DBD::mysql used to take octets into the utf8 texts but no more inmariadb

P

Peter Vereshagin

Hello,

I had used DBD::mysql for ages with utf8 in mysql 4.1-5.1.
Now I go by with mariadb-5.2.
I notice the strange disappearing of the feature I implicitly used for years, and authors of very well established applications, e. g., bugzilla.org, webgui.org, etc. did, too.
In the past, the text columns ( including char columns ) allowed to insert the data from octet scalars, those without utf8 flag set.
Now it must be a blob column. Or, the variable should be utf8::decode'd, perhaps additionally checked before if it is utf8::valid.
Or any national character will be the question marks instead stored in a database.
There is a test, 55-utf8.t in a DBD::mysql distribution, that inserts and selects back, seperately the octet scalar in blob field, and utf8 scalar in text and varchar field.
This is why the lack of the feature is not noticed on make test.
But the applications I mentioned afore certainly use it. They insert octet perl variables into text and char type fields careless about utf8 flag should be set.

There are three kind authorities that have influence on this: DBD::mysql, mariadb, and authors of those applications.
Question is: whom I shall ask for a response for this?
- mariadb revealed this bug, but it may be not of their's in the C API. It can be because of DBD::mysql's XS.
- DBD::mysql was hiding this bug, but they stated clear in their test that octets should use blob-fields only. Despite I remember the times when mysql did no difference between text and blob fields.
- applications writers may need to rewrite their code taking care on utf8 flag before their scalar to fit the DBI placeholders. But it just may not sound real as there is too much of their too long spaghetti code.

As a workaround, I use the mysql_enable_utf8 attribute included into the dsn whet connect but authors of those apps don't do that in their code supposing that setting this as a dbh property later by the code runs is enough. But it doesn't dwim.

Thank you for any ideas about whom shall I ask about this.

73! Peter pgp: A0E26627 (4A42 6841 2871 5EA7 52AB 12F8 0CE1 4AAC A0E2 6627)
 
D

Dr.Ruud

I had used DBD::mysql for ages with utf8 in mysql 4.1-5.1.
Now I go by with mariadb-5.2.
I notice the strange disappearing of the feature I implicitly used for years, and authors of very well established applications, e. g., bugzilla.org, webgui.org, etc. did, too.
In the past, the text columns ( including char columns ) allowed to insert the data from octet scalars, those without utf8 flag set.
Now it must be a blob column. Or, the variable should be utf8::decode'd, perhaps additionally checked before if it is utf8::valid.
Or any national character will be the question marks instead stored in a database.
There is a test, 55-utf8.t in a DBD::mysql distribution, that inserts and selects back, seperately the octet scalar in blob field, and utf8 scalar in text and varchar field.
This is why the lack of the feature is not noticed on make test.
But the applications I mentioned afore certainly use it. They insert octet perl variables into text and char type fields careless about utf8 flag should be set.

There are three kind authorities that have influence on this: DBD::mysql, mariadb, and authors of those applications.
Question is: whom I shall ask for a response for this?
- mariadb revealed this bug, but it may be not of their's in the C API. It can be because of DBD::mysql's XS.
- DBD::mysql was hiding this bug, but they stated clear in their test that octets should use blob-fields only. Despite I remember the times when mysql did no difference between text and blob fields.
- applications writers may need to rewrite their code taking care on utf8 flag before their scalar to fit the DBI placeholders.
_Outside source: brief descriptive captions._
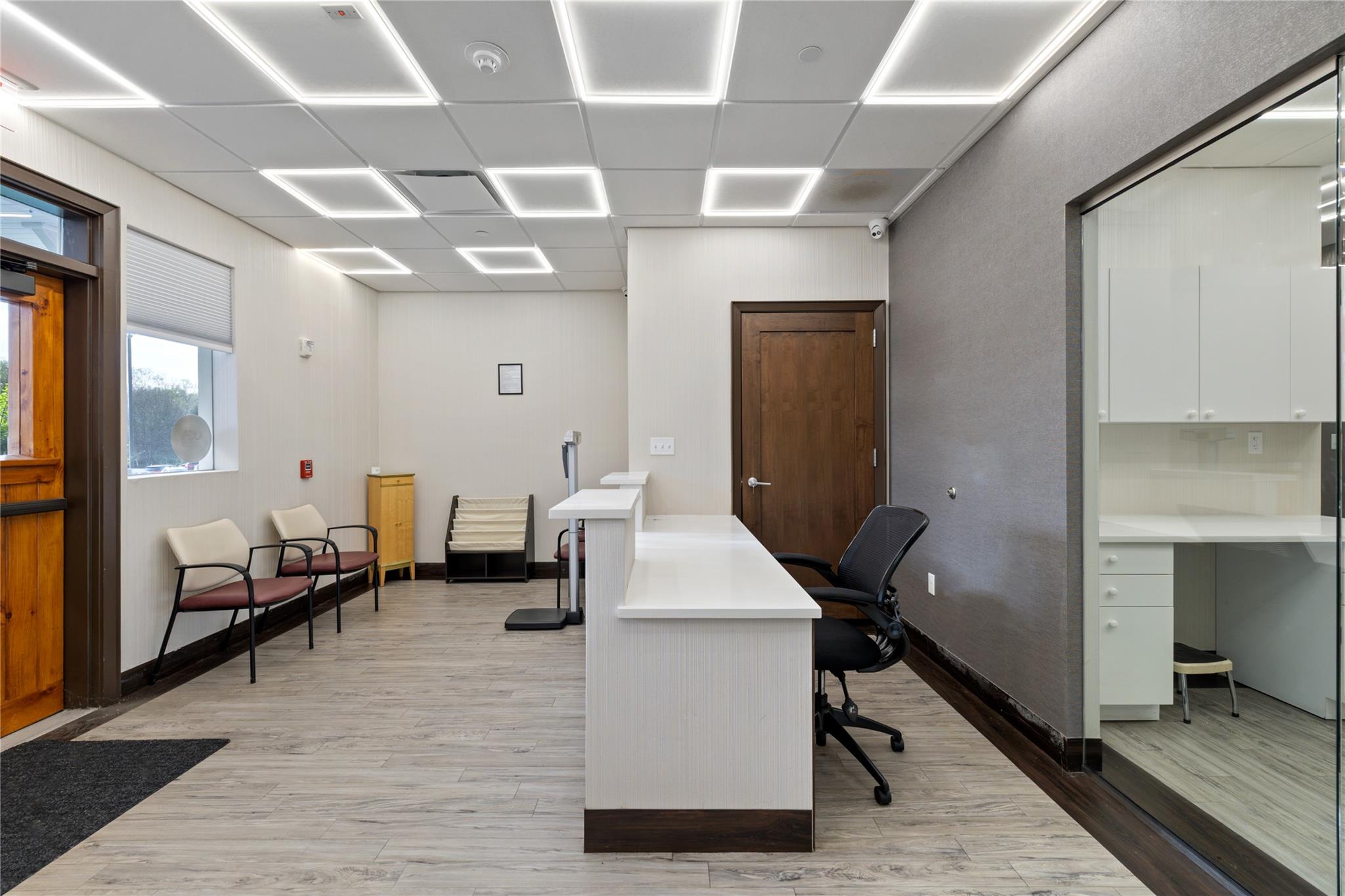 #6 photo, 30 Indian Rock, Suffern , NY 10901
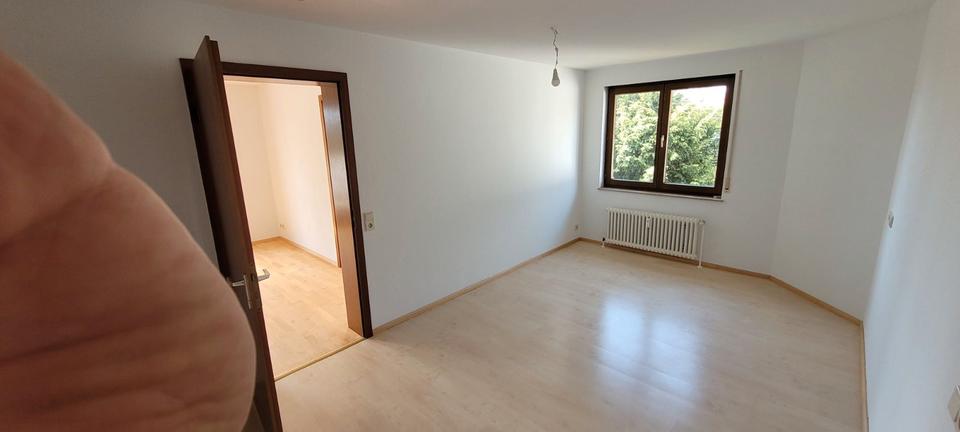 Etagenwohnung Esslingen am Neckar Brühl - 3.5 Zimmer, 86 m&sup2;, 1.200&euro; | Angebot:26654953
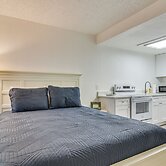 Bright Gulf Coast Escape - 8 Mi to Johns Pass!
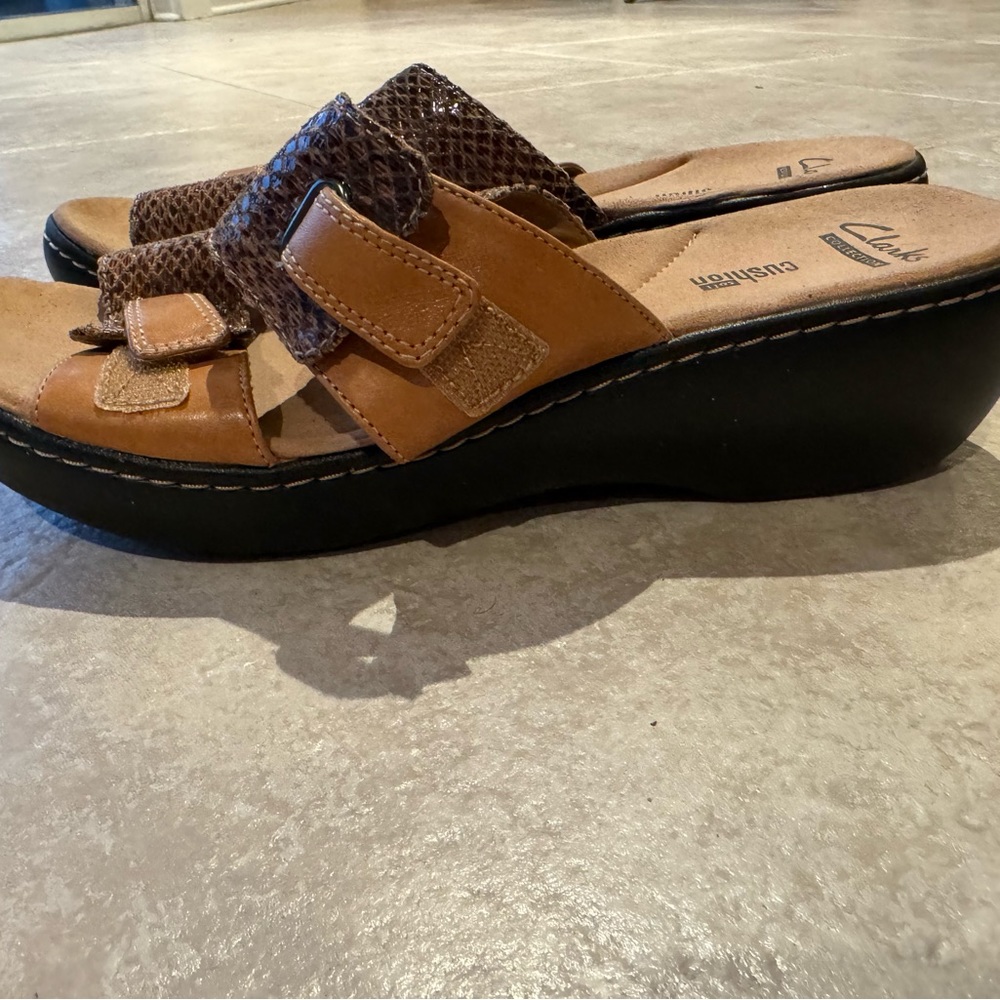 Never been worn Clarks fashion sandal.  Size 10 - Picture 4 of 8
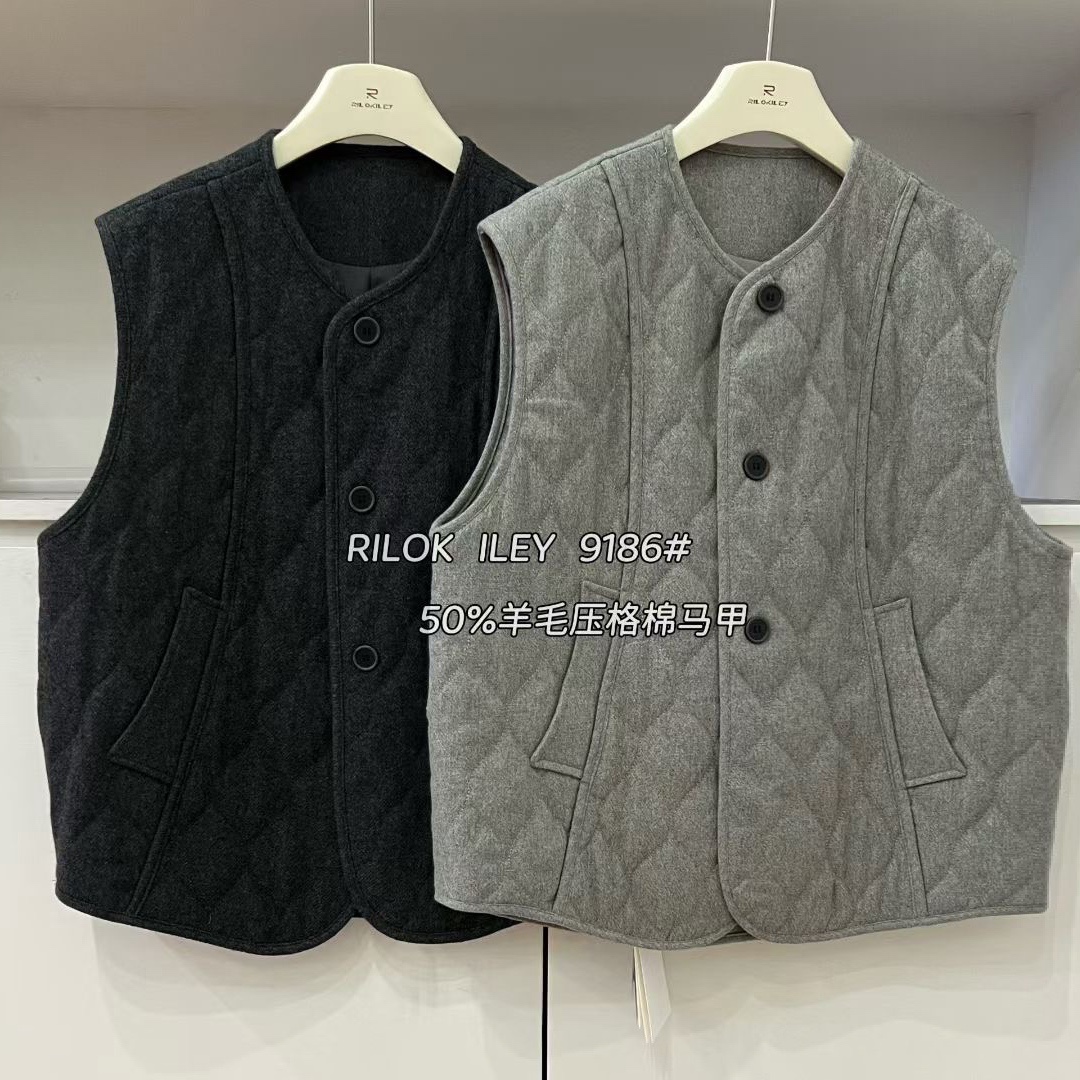 气质百搭羊毛压格夹棉马甲背心女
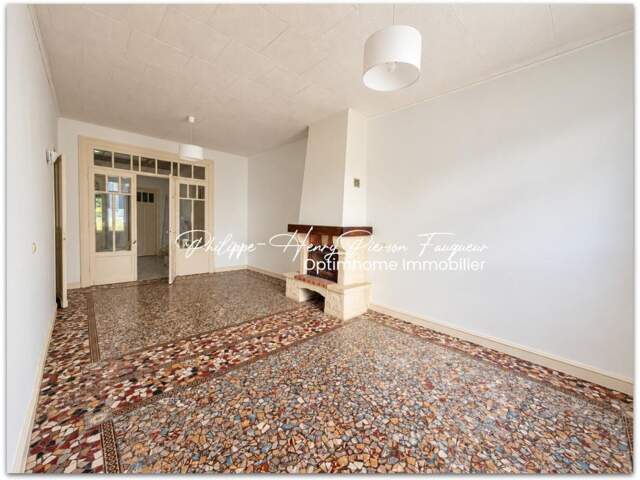 EXCLUSIVITÉ – MAISON 1930 À VENDRE À WATTRELOS Ste Thérèse – 3 CHAMBRES – JARDIN – GARAGE – DOUBLE ACCÈS (59) — photo du bien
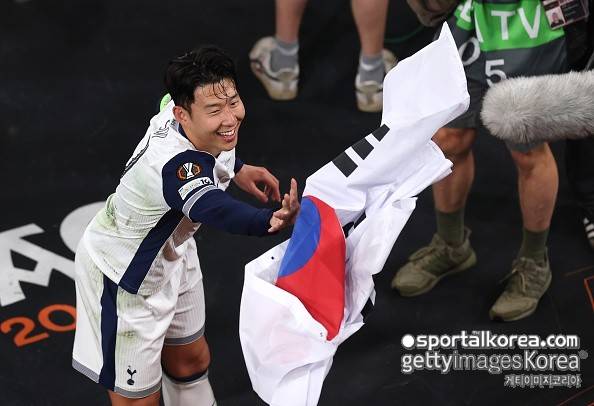 韓 세기의 이적→손흥민, 사우디 이적 OK 사인 떨어진다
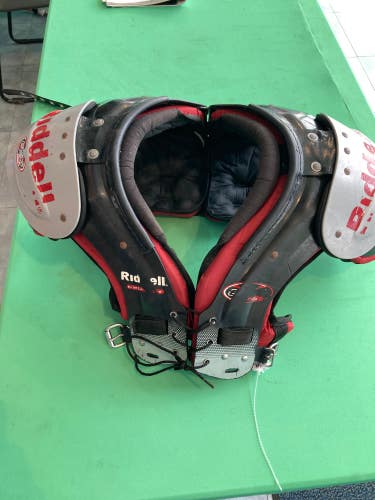 Large Youth Riddell Shoulder Pads (Used)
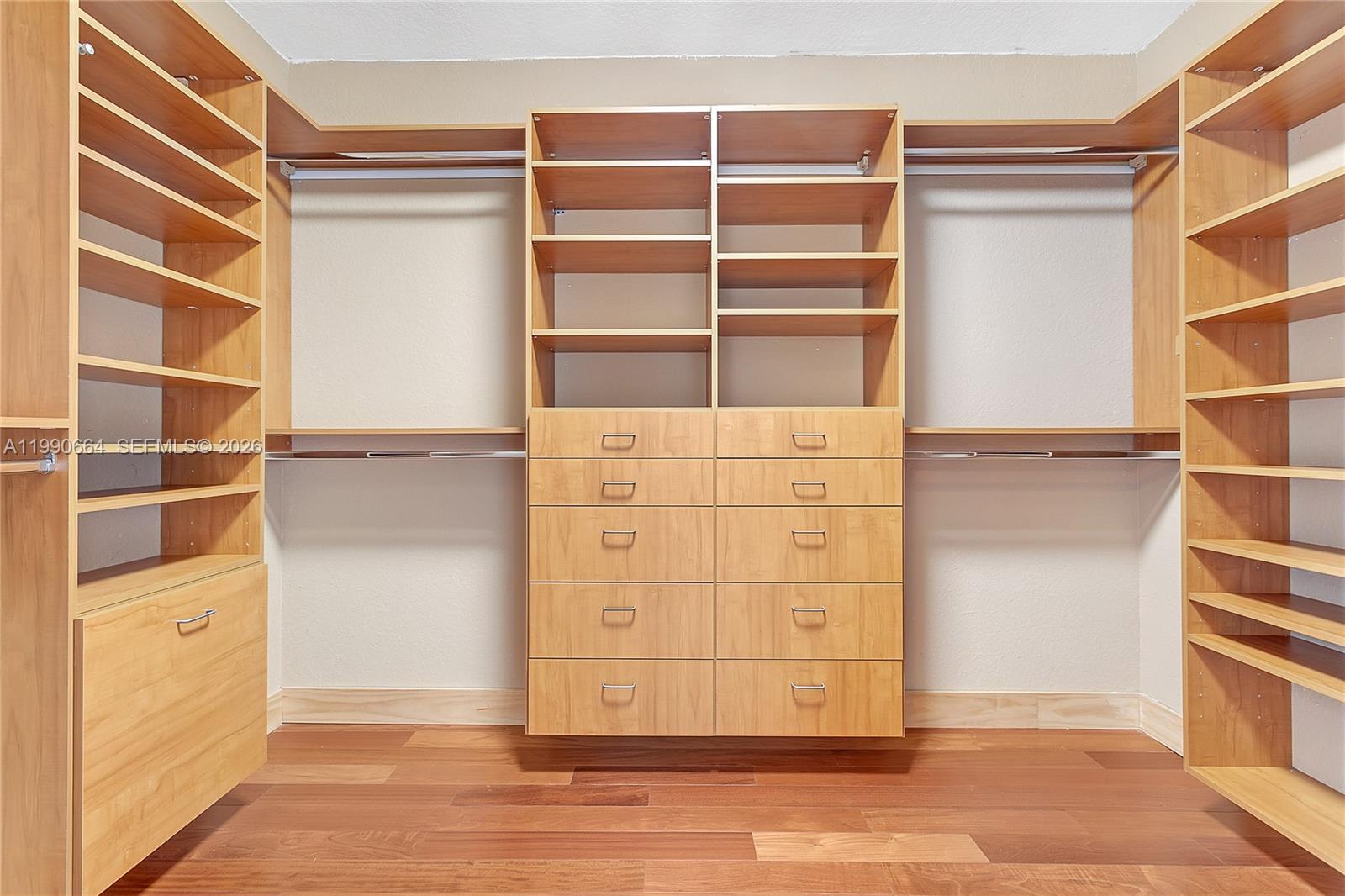 DORAL ISLES NORTH SEC ONE - Residential Lease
But it just may not sound real as there is too much of their too long spaghetti code.

As a workaround, I use the mysql_enable_utf8 attribute included into the dsn whet connect but authors of those apps don't do that in their code supposing that setting this as a dbh property later by the code runs is enough. But it doesn't dwim.

It could also just be that you had a C<SET NAME 'utf8'> done initially
for every session.
This is configurable on the host.
 
P

Peter Vereshagin

Oh Dr.Ruud want you buy me a mersedes benz?
2011/03/13 17:51:56 +0100 "Dr.Ruud" <[email protected]> => comp.lang.perl.misc:
DR> > - mariadb revealed this bug, but it may be not of their's in the C API. It can be because of DBD::mysql's XS.
DR> > - DBD::mysql was hiding this bug, but they stated clear in their test that octets should use blob-fields only. Despite I remember the times when mysql did no difference between text and blob fields.
DR> > - applications writers may need to rewrite their code taking care on utf8 flag before their scalar to fit the DBI placeholders. But it just may not sound real as there is too much of their too long spaghetti code.
DR> >
DR> > As a workaround, I use the mysql_enable_utf8 attribute included into the dsn whet connect but authors of those apps don't do that in their code supposing that setting this as a dbh property later by the code runs is enough. But it doesn't dwim.
DR>
DR> It could also just be that you had a C<SET NAME 'utf8'> done initially
DR> for every session.
DR> This is configurable on the host.

It's not a silver bullet to me.
There are circumstances:
- There are several Cyrillic encodings while utf8 is a one preferable at the application level the cp1251 improves mysql speed as it's an 8-bit one. So it's still a typical use: you send and receive data to mysql as utf8 but mysql converts them to/from cp1251 for storage.
- While mariadb was converting my databases, the default character set in the database definition was reset by conversion process ( myisam to aria or so ). Any tables created anew had that strange behavior as I said on topic start.
- Typically application's authors never care about utf flag on a variable before to put it on a DBI placeholder.
- I did some tricks that made me a thing after some deeper learning about. But I'm still in confusion ( see below ).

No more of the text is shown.